During the past 50 years, our understanding of the roles and molecular structure of ion channels has grown at a rapid pace and has bridged fundamental basic research with advances in clinical medicine. The link between basic science and clinical medicine has been the discovery of human diseases linked to mutations in genes coding for ion channel subunits or proteins that regulate them: the channelopathies.

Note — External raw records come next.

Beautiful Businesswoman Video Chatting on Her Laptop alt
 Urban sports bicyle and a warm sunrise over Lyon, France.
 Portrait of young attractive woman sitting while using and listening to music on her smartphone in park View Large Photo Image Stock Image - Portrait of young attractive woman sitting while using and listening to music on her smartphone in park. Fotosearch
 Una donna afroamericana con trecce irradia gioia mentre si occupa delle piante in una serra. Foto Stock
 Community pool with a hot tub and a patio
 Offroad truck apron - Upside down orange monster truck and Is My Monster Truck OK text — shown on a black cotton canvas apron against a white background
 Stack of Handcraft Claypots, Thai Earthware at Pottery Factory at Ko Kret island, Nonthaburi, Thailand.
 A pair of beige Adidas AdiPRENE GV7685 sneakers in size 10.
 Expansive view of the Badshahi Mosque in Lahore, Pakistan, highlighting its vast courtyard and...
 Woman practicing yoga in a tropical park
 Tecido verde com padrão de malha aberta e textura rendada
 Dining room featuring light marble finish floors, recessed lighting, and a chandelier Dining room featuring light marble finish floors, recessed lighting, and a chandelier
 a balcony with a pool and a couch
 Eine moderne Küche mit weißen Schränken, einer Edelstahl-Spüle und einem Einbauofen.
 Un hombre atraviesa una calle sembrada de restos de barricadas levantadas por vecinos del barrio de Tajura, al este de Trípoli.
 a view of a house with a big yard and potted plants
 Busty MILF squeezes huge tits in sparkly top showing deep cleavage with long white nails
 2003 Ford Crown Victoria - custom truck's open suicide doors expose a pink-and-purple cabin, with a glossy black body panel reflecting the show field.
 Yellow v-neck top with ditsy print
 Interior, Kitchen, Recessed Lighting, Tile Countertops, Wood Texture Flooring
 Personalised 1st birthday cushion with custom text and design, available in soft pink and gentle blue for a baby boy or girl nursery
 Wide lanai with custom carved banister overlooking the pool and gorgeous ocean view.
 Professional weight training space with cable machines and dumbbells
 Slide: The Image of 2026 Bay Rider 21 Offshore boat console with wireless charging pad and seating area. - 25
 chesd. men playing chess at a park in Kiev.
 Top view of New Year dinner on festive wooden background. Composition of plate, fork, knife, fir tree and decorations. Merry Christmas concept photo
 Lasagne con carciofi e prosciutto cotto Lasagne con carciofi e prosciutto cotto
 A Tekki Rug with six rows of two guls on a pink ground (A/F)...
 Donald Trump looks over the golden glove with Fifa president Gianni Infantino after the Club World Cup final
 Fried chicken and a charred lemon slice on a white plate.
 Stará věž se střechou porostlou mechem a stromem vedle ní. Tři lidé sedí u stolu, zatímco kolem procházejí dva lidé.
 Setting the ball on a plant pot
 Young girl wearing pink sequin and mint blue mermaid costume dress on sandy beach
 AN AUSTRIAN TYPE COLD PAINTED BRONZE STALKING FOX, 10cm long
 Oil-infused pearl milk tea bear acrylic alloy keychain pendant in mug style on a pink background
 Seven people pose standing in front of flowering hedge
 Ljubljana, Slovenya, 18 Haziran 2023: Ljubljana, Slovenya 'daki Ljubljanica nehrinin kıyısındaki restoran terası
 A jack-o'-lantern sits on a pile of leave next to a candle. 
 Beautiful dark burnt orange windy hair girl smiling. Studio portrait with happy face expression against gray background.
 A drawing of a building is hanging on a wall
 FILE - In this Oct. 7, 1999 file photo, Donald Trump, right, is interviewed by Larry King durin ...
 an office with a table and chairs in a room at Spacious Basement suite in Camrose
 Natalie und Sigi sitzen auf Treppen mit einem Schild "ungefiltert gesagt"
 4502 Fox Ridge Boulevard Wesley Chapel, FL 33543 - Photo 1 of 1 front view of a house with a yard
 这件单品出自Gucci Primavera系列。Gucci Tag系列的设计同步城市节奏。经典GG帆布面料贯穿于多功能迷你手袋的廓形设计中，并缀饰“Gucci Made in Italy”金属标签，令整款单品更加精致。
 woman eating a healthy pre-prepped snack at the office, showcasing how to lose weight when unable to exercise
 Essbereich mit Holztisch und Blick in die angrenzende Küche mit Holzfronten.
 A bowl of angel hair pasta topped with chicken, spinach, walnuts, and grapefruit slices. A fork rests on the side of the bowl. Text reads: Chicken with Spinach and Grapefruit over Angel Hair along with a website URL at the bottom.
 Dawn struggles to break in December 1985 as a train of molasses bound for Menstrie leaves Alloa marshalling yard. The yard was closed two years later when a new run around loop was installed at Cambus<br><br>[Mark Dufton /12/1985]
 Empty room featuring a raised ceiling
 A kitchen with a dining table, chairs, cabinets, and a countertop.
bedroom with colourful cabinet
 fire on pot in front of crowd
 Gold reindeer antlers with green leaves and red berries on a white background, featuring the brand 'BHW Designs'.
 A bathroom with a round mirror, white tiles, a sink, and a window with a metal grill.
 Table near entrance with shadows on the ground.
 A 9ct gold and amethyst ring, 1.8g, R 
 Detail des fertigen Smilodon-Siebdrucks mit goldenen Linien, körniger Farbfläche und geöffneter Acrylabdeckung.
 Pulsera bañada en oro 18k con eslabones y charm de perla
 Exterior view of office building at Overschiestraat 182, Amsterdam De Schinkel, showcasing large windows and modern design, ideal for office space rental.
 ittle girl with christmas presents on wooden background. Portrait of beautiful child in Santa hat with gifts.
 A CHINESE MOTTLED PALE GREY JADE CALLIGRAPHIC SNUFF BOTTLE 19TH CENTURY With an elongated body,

Ion channels: from squid giant axons to atomic structure
Before 1982, insight into mechanisms underlying the ionic basis of electrical activity in excitable cells was limited to model systems. Our understanding of these mechanisms was based largely on the beautiful work of Hodgkin, Huxley, and Cole, among others, who unraveled the ionic basis of nerve excitation in the squid giant axon (1-4) and subsequently showed that similar mechanisms were responsible for excitation and contraction of amphibian skeletal muscle (5). Using mammalian preparations, other groups soon demonstrated similar, though more complex, mechanisms underlying electrical activity in the heart (6). However, the link between mechanisms in these model systems and human physiology remained indirect. This changed dramatically in 1982 when the first ion channel, acetylcholine receptor -subunit, was cloned (7, 8). Molecular biology provided the techniques to identify genes encoding ion channels, and, as a result, a plethora of channels has been discovered to be critical to the physiological function of virtually every tissue, controlling such diverse functions as hearing and insulin secretion. The combination of genetic identification of multiple channel genes and the development of patch-clamp electrophysiological procedures by Neher and Sakmann (9) made it possible to analyze in great detail the functional properties of ion channels in small cells, eliminating the restriction to model systems and extending understanding of the roles of molecular structures in the control of channel function.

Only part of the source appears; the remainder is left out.